Unquote” data points to the Nordic private equity industry recovering faster than the rest of Europe. Although buyout activity is low at the moment, trends emerging from long-term data tell a different tale. Sonnie Ehrendal reports
European buyout activity has been recovering over the last couple of years - but unquote" data suggests that the Nordic region is recovering faster and showing more resilience to the sovereign debt crisis than the rest of Europe. "Scandinavia is different" confirms a European debt advisor, who goes on to describe the Nordics as the only region in Europe where large deals are still possible.
The first half of 2011 saw remarkable buyout activity in the region. Two Swedish transactions, Dometic and Com Hem, reached in excess of £1bn each. A third, Securitas Direct, was valued at around £2bn. Swedish broadsheet Svenska Dagbladet recently highlighted, however, that financing for these deals has been difficult. Dometic, for example, was partially supported by a PIK loan, and the Securitas Direct transaction was financed with a high-yield bond and mezzanine capital. The deals have proven costly for the private equity firms, argues the newspaper which goes as far as calling it a private equity crisis.
Nonetheless, unquote" data shows that Nordic buyout volume approaches levels seen in 2006-2007. The second quarter of 2011 saw the highest aggregate deal value since early 2006. Furthermore, the region's share of total European buyout volume, which remained at an average below 15% between 2005 and 2008, started rising in 2009 and hit around 20% by July 2011.

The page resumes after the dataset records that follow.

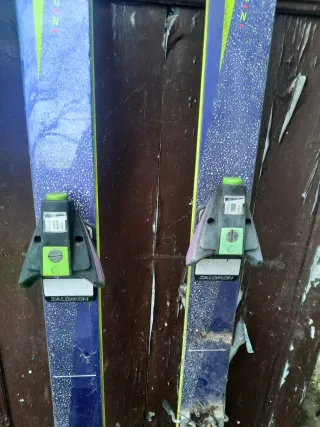 Esquís Rossignol Fun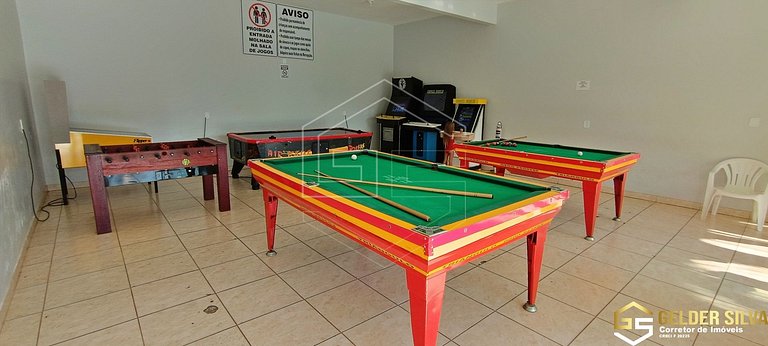 Águas da Serra Apartamento 1002 bloco E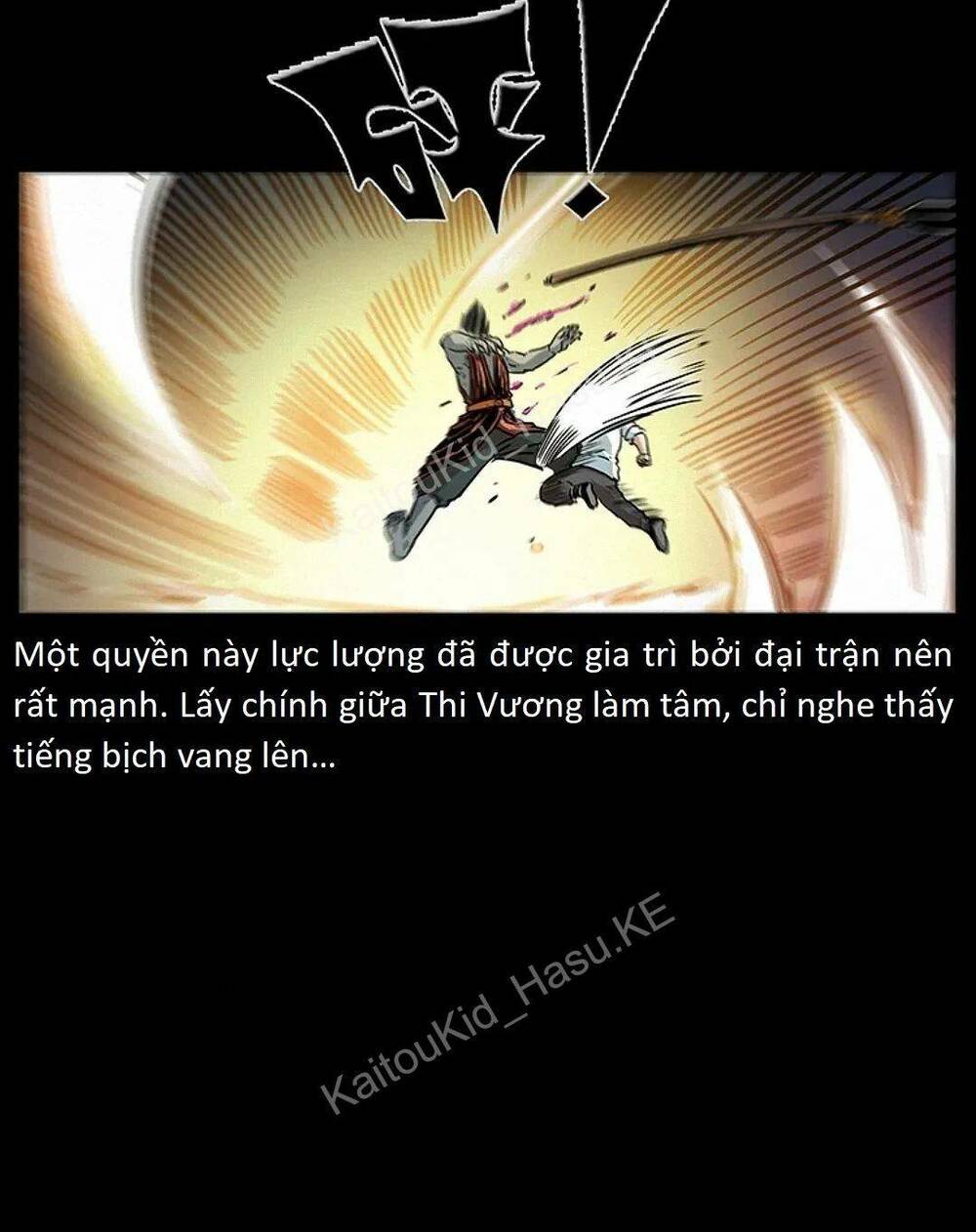 Đọc truyện U Minh Ngụy Tượng - Chap 307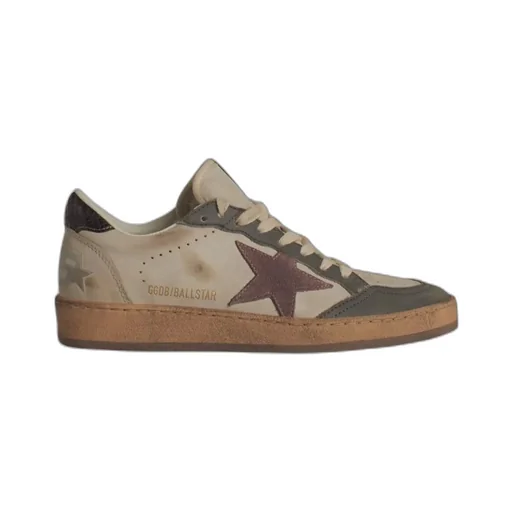Ballstar Low-Top Sneakers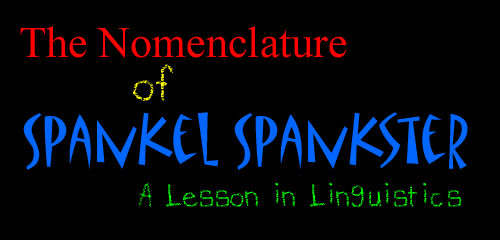 Spankel Spankster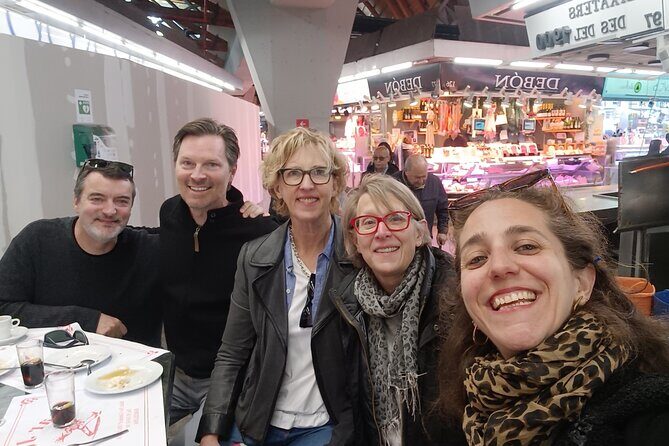 Barcelona private food tour: tailored tour area & tapas - What’s Included and How It Adds Value
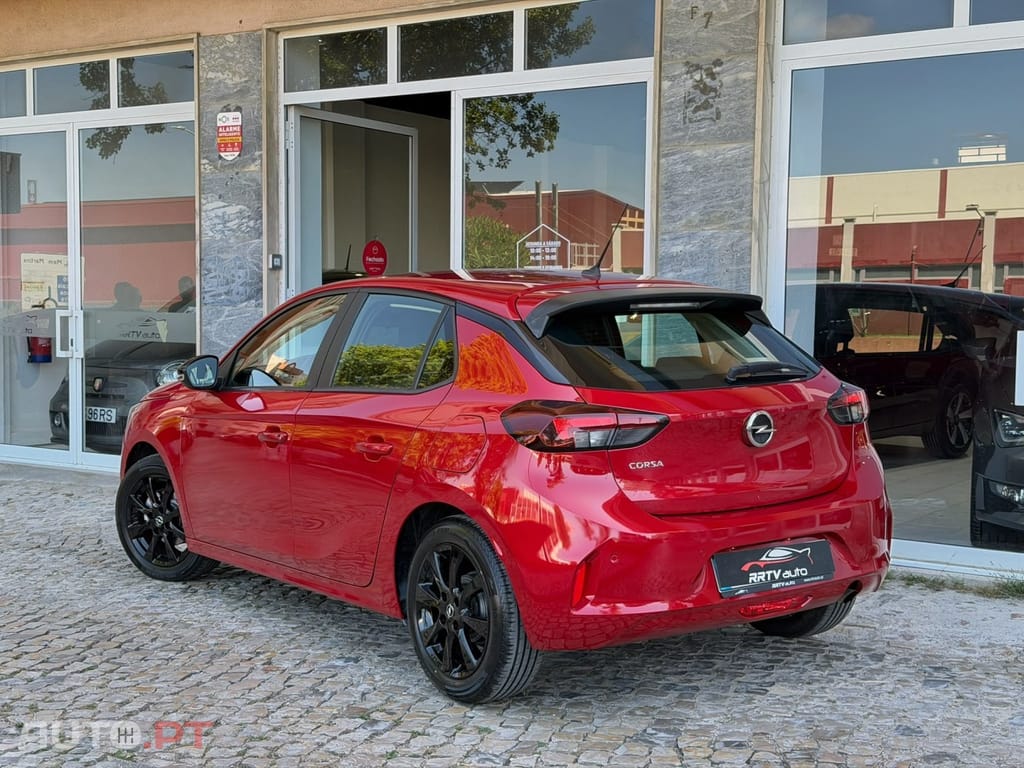 Opel Corsa 1.2 Business Edition — fotografia 12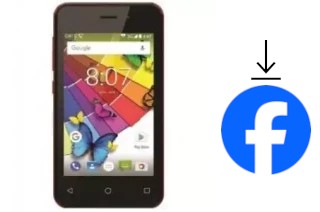 Como instalar o Facebook em um Cell-C Cell C Fame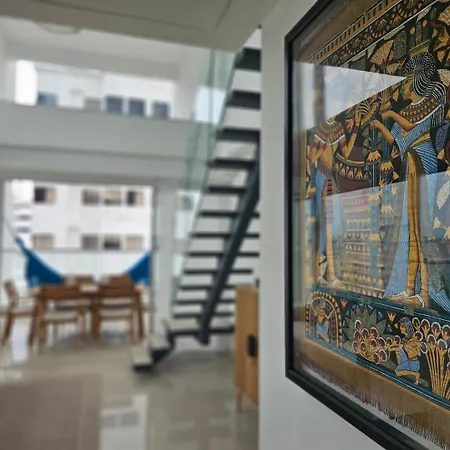 Spacious Loft - Rooftop Pool - Lego Gift Cartagena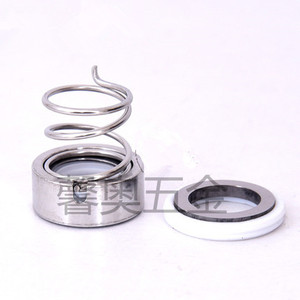 Mechanical Seal 120-18 20 22 25 28 30 35 40 45 50 55 60 Alloy <b>PTFE</b> For Pump Shafts - Product Image 1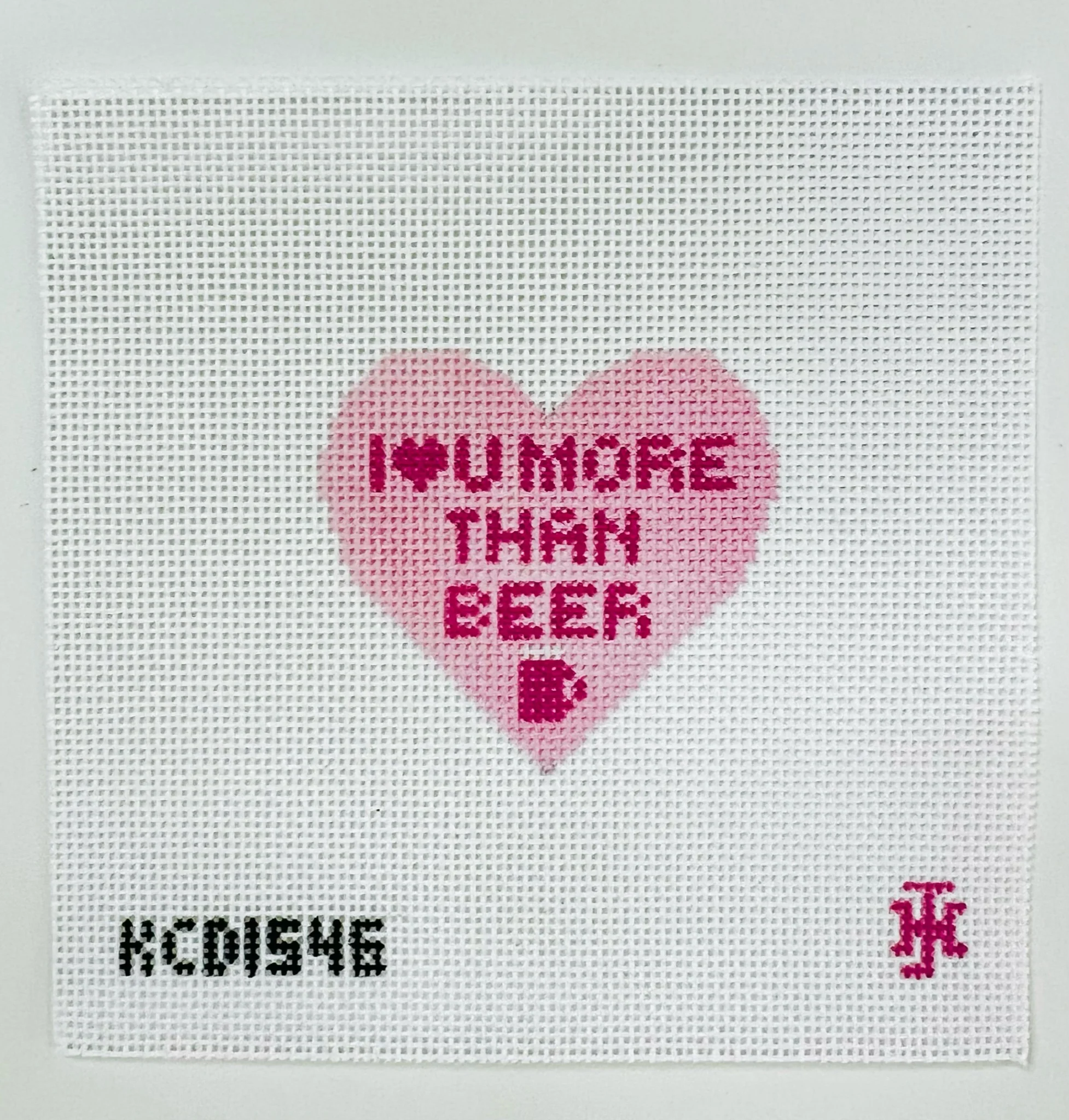 I Love U More Than Beer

The data demonstrates that the region has been doing well despite the European slowdown and sovereign debt crisis. A possible explanation for the relatively faster recovery is that banks learnt their lesson after the 90s banking crisis and were better prepared to deal with such turmoil. Indeed, Swedish financial newspaper Dagens Industri recently revealed that Nordic banks' liquidity buffers would last for 2-3 years if credit markets were to be tightened.
Alan MacKay, CEO of Hermes GPE, thinks the argument is valid up to a certain size: "Nordic private equity debt has always relied on regional bank clubs as opposed to securitised/syndicated CLOs for example. That is great for €2-300m of debt, but of no use above those levels. The Nordic mid-market is currently well banked but upper-mid and large-cap deals experience the same debt starvation as other regions."
MacKay's comment touches upon the relative regional orientation of Nordic private equity. Thus far in 2011, nine out of the ten most active buyout houses in the Nordics hail from within the region. In terms of debt provision, pan-Nordic bank Nordea is leading the league tables by far, followed by four other regional banks and three international investment banks.
"It is important to note that Nordic banks never had much, and today have effectively zero, appetite for private equity outside the region. As well as no global financial crisis overhang, they also have no private equity-specific problem cases to make them wary of the industry," he explains. Nordea CEO Christian Clausen commented in the bank's Q3 report that Nordea has "no direct exposure to the PIIGS countries," and it is believed that other banks in the region are in a similar position.
That said, the Nordic private equity industry is not oblivious to the crisis. After an eventful first half of the year, and sustained activity in July, buyouts ground to a complete halt in August and slowly picked up again in September and October. The region has, however, seen a similar drop in activity from Q2 to Q3 over the last couple of years, and follows a cyclical pattern of activity over quarters - which is why it would be difficult to suggest a lasting slowdown. The general trend certainly points upwards.